What is needed: Look below for the line that contains "Artemiss-tay Artemiss-tay", then quote it and all the lines after it, exactly, with the pictures left out.

Stored data:
+ + + + + + +

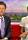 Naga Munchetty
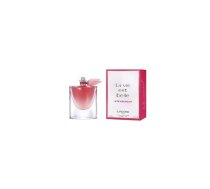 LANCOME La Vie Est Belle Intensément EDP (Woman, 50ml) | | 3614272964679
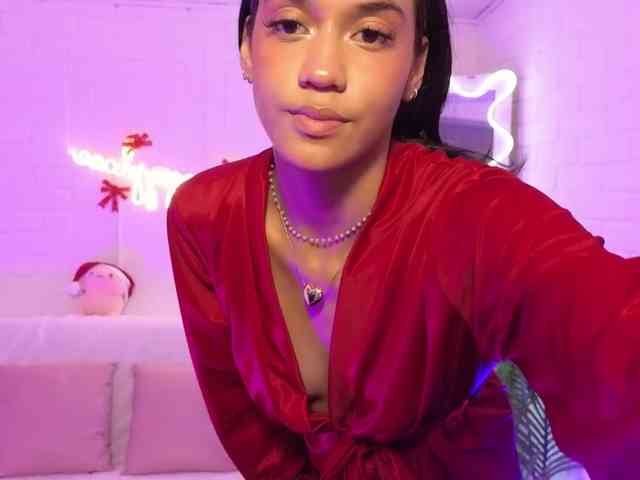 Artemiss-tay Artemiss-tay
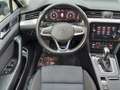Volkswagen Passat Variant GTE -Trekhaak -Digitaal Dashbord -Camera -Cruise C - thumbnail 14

+ + + + + + +

Answer for this exercise:
 Artemiss-tay Artemiss-tay
Volkswagen Passat Variant GTE -Trekhaak -Digitaal Dashbord -Camera -Cruise C - thumbnail 14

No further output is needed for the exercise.